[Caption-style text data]
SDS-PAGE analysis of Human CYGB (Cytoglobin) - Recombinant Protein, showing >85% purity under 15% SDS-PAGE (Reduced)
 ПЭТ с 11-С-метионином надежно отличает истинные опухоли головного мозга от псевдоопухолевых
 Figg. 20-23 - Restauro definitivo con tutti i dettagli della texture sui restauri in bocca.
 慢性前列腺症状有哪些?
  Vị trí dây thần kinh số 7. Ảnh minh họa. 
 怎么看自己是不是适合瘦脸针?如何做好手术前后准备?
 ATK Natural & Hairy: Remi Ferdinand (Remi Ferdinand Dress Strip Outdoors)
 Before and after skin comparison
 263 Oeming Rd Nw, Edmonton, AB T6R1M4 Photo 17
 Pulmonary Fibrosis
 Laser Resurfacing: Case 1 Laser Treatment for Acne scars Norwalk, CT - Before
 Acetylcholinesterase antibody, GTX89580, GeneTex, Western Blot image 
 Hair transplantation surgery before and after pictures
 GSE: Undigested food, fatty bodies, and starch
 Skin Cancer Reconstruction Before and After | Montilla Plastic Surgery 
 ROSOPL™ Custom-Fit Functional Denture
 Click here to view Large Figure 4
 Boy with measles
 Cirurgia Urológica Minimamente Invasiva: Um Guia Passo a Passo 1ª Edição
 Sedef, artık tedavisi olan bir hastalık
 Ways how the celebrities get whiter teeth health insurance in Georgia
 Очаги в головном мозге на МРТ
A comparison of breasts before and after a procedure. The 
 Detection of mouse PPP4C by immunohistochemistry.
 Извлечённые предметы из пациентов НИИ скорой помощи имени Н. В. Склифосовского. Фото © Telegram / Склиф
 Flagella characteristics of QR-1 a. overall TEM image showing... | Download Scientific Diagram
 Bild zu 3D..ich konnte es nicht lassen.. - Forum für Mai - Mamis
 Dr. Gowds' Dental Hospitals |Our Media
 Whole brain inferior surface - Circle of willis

What the exercise asks: If a line in the data above holds the string "comparison", copy it.

Completed task:
 Before and after skin comparison
A comparison of breasts before and after a procedure. The 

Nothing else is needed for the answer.